Auschwitz taught that to me.
I met many strangers at Auschwitz who helped me at so many points when I was in danger or in immense pain. My family wasn't there. Just like it wasn't even when we lived together.
There were moments in Auschwitz when I had to put up with the most gruesome things for saving my life. If I would not undress when I was told to, I would be shot. So, I had to do everything that was told to me to keep myself alive. Literally everything was taken away from me, my clothes, my body, my physical existence. But they could not touch my inner self. My soul remained intact.
There are times, even today, after so many years, I remember those days. I remember all that the experience gave me. It gave me the ability to understand that whatever it was that was happening, it was outside of me. It had nothing to do with me as a person.
I also feel a sense of compassion for all those who suffered and at the same time a sense of content; that, unlike many of the other inmates in the camps, I do not have the need to avenge myself because I have survived. I never felt like a victim. I am a survivor and that is way too different, although, not many can understand the thin line of difference between the two.
There were many fellow prisoners who thought of the ruling officers and of Hitler as being inhuman. But I never felt that way. I also never let myself become inhuman in any way. I had understood one thing… People deny they are nasty when they do not want to feel that they are nasty. All of us have capacity to be sadistic and horrible with other people but we don't do it. People are born neither good nor bad, but the badness comes from how you are treated as a child. If you are treated well as a child, you can't become a Hitler.
Despite my horrid experience I could forgive that man under the influence of whom millions of innocent people were slaughtered for no fault of theirs.
I could forgive him, although, I will never forget!
Paradoxically consequential as it may seem, I was never loved for who I was in my family. There were constant efforts made to see to it that I fit into the conforms of its orthodox structure which I had resisted for a very long time and continue to do so even today. But now, the resistance is not as much. There are two reasons. First, my family does not exist anymore. Second, and more important, the concentration camp took away all the shackles that had kept me bound in pain and opened me up to a new way of life as a whole. It taught me to love myself because no one else was ever there for me. Today, I don't need others to do things for me because I know that I may never be on the same page with anyone. I know now that I cannot be silencing my own needs just because I want to be seen as a good person or be accepted by everyone around me. And although, I may want all those things, more importantly, I want other things that really feed my soul.

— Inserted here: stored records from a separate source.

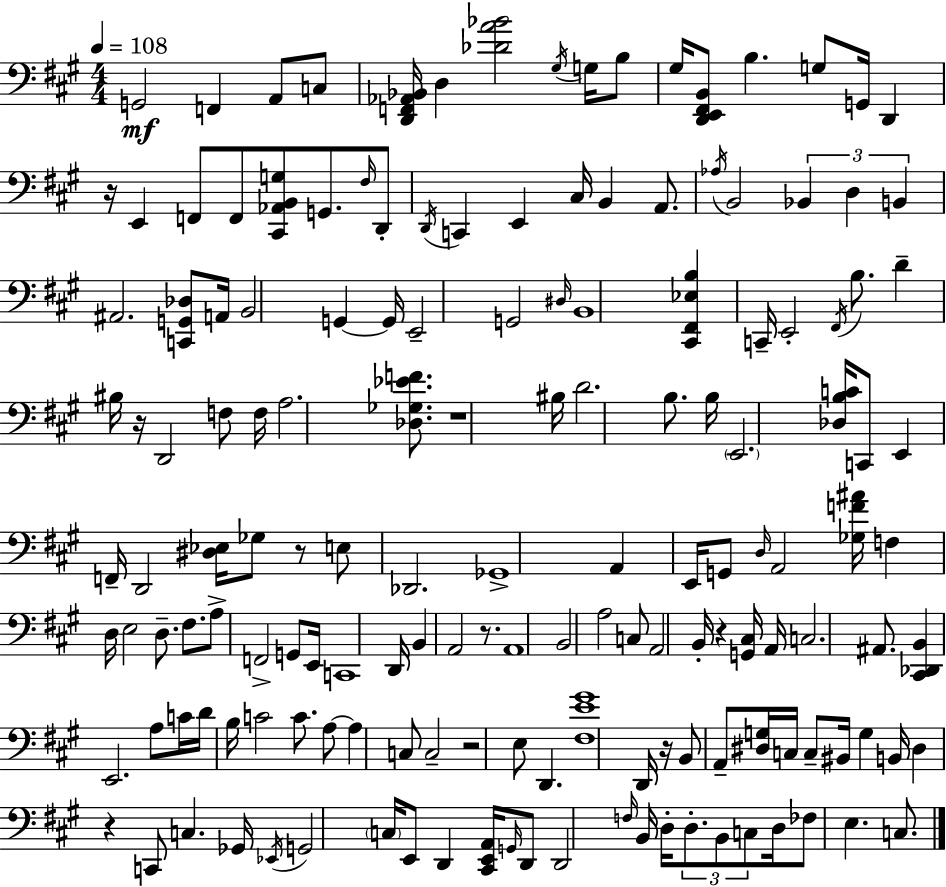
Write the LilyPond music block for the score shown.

{
  \clef bass
  \numericTimeSignature
  \time 4/4
  \key a \major
  \tempo 4 = 108
  g,2\mf f,4 a,8 c8 | <d, f, aes, bes,>16 d4 <des' a' bes'>2 \acciaccatura { gis16 } g16 b8 | gis16 <d, e, fis, b,>8 b4. g8 g,16 d,4 | r16 e,4 f,8 f,8 <cis, aes, b, g>8 g,8. \grace { fis16 } | \break d,8-. \acciaccatura { d,16 } c,4 e,4 cis16 b,4 | a,8. \acciaccatura { aes16 } b,2 \tuplet 3/2 { bes,4 | d4 b,4 } ais,2. | <c, g, des>8 a,16 b,2 g,4~~ | \break g,16 e,2-- g,2 | \grace { dis16 } b,1 | <cis, fis, ees b>4 c,16-- e,2-. | \acciaccatura { fis,16 } b8. d'4-- bis16 r16 d,2 | \break f8 f16 a2. | <des ges ees' f'>8. r1 | bis16 d'2. | b8. b16 \parenthesize e,2. | \break <des b c'>16 c,8 e,4 f,16-- d,2 | <dis ees>16 ges8 r8 e8 des,2. | ges,1-> | a,4 e,16 g,8 \grace { d16 } a,2 | \break <ges f' ais'>16 f4 d16 e2 | d8.-- fis8. a8-> f,2-> | g,8 e,16 c,1 | d,16 b,4 a,2 | \break r8. a,1 | b,2 a2 | c8 a,2 | b,16-. r4 <g, cis>16 a,16 c2. | \break ais,8. <cis, des, b,>4 e,2. | a8 c'16 d'16 b16 c'2 | c'8. a8~~ a4 c8 c2-- | r2 e8 | \break d,4. <fis e' gis'>1 | d,16 r16 b,8 a,8-- <dis g>16 c16 c8-- | bis,16 g4 b,16 dis4 r4 c,8 | c4. ges,16 \acciaccatura { ees,16 } g,2 | \break \parenthesize c16 e,8 d,4 <cis, e, a,>16 \grace { g,16 } d,8 d,2 | \grace { f16 } b,16 d16-. \tuplet 3/2 { d8.-. b,8 c8 } d16 fes8 | e4. c8. \bar "|."
}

Like… spending time with my grandchildren, making music, speaking to my old friends and at the top of the list is my freedom. Freedom to be myself while still accommodating people around me. I just can't tolerate getting swept away in anyone's crazy at the cost of my individuality.
Some say I am too selfish.
I feel I am myopic.
I had known this long back…
But what happened in September of 1943 strengthened my understanding of self.